I find that the first 25 minutes of "Yoga X", which is part of the "P90x" program are really good. I have super tight hips and lower back and the first 25 minutes open them right up.
posted by aeighty at 8:05 AM on August 25, 2015

I've been doing yoga regularly for just over two years now. I too would recommend finding some in-person classes to get started. I do use videos at home too, but the class work I've done has helped me understand certain poses better, so I work with them better when they come up in videos. Also, videos can get you in a rut of doing the same things over and over, while classes will bring variation, which is important to have from time to time.

Some video resources I've liked:
Broga Yoga - cheesy name, I know, they're trying to build a brand of "yoga for guys," but they have a lot of short videos out on YouTube and Vimeo, that combine traditional yoga with some more standard calesthenics. Sometimes they run "30 day" programs where, for free, they will email you link to a daily short workout video, sometimes slow and stretchy, sometimes more active.

Dylan Werner's "Yoga Strength Basics for Beginners" - despite "Beginners" in the name, I wouldn't suggest these routines for total newbies. Werner is an amazingly advanced yoga practitioner, but while these videos are great at focusing on specific core areas of yoga (shoulder/arm strength, hip flexibility, spine, etc.), I feel like there are times where he's a bit slow to call out modifications to make certain things simpler. (I remember I was following one of these, and he calls for a certain seated twisting pose which my hips just cannot do and I knew it, but in the video he doesn't suggest the option of keeping one leg straight instead.) My opinion is these are really good if you've already got a little experience so you've got an idea what your body can and can't do at this time. Otherwise I think these are a lot of what you're looking for. The routines are each about 20-25 minutes long. (There's a second set, "Beginner Yoga Strength Classes" - if you buy both sets together it's a little cheaper.)
posted by dnash at 9:00 AM on August 25, 2015

If you don't mind spending a nominal fee, I highly recommend Dirty Yoga. I've taken in person classes off and on for years; Dirty Yoga does an excellent job explaining everything, is easy to follow, and very non-woo.

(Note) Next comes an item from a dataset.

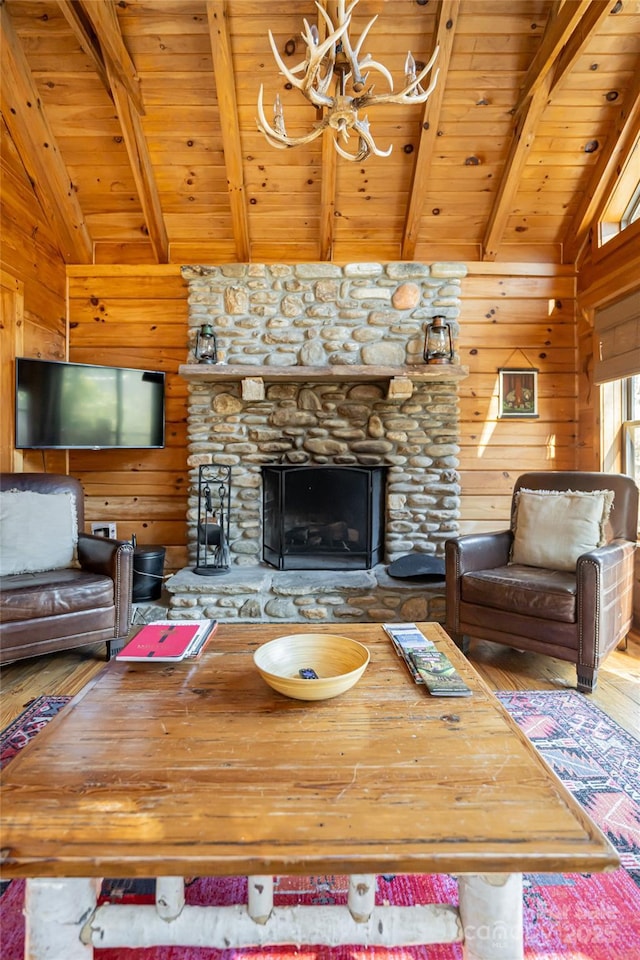 living room featuring lofted ceiling with beams, wood walls, wood ceiling, and a stone fireplace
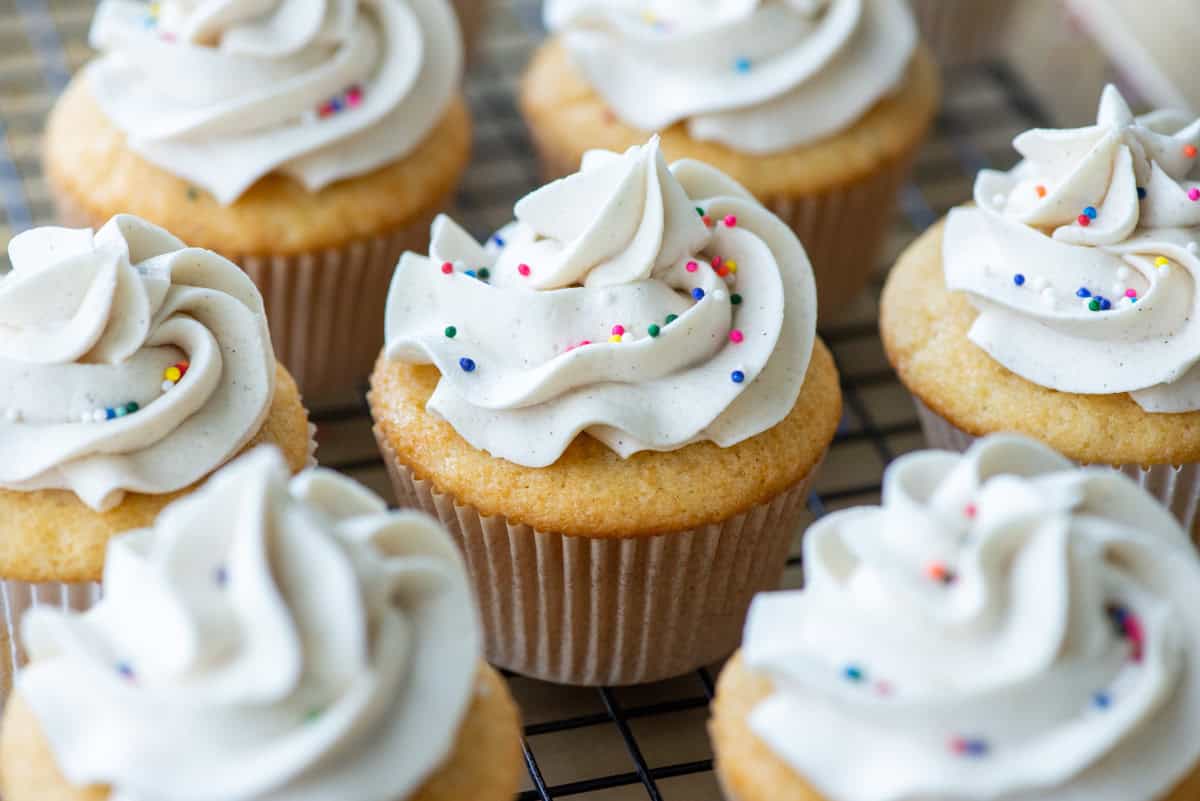 Close up overhead view focused of vanilla bean cupcakes on a black wire cooling rack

I have a baby so I haven't signed up, I just keep buying access to the prep course which is move at your own pace ($15/mo).
posted by jrobin276 at 8:02 PM on August 25, 2015

Best answer: If you are looking to be limber...as a way to ease into it I would probably just do a bunch of sun salutations (say 6 sets, since you will lunge with either your left or right leg on each set and want it balanced) every morning. Downward-facing dog is a superb movement, especially if you kind of bounce around and really stretch out those shoulder joints. On the lunge you want to really crack those hips open, but don't force it all at once, the flexibility will come slowly.

And since you are using it as a flexibility routine rather than a yoga routine, I wouldn't worry over-much about whether you should be breathing in or out. If you are unconditioned, you may actually find yourself huffing and puffing a little bit, and that's totally fine!

Protip: employ Pavel's "Relax Into Stretch" approach with the movements (the book bearing that name is highly recommended!), and you'll probably find you're a lot more flexible than you thought you were (though probably not as flexible as you could be)! Breathe in (slowly, through the nose) as you start the stretch, then as you breathe out (slowly, through the mouth) you apply slight pressure to the stretch and will find that you suddenly get an extra degree of movement.
posted by turbid dahlia at 8:50 PM on August 25, 2015

Seconding yoga studio. Great interface, good content. I try and do 15 mins every morning, (although the instructor annoys me with how much stretchier she is than me).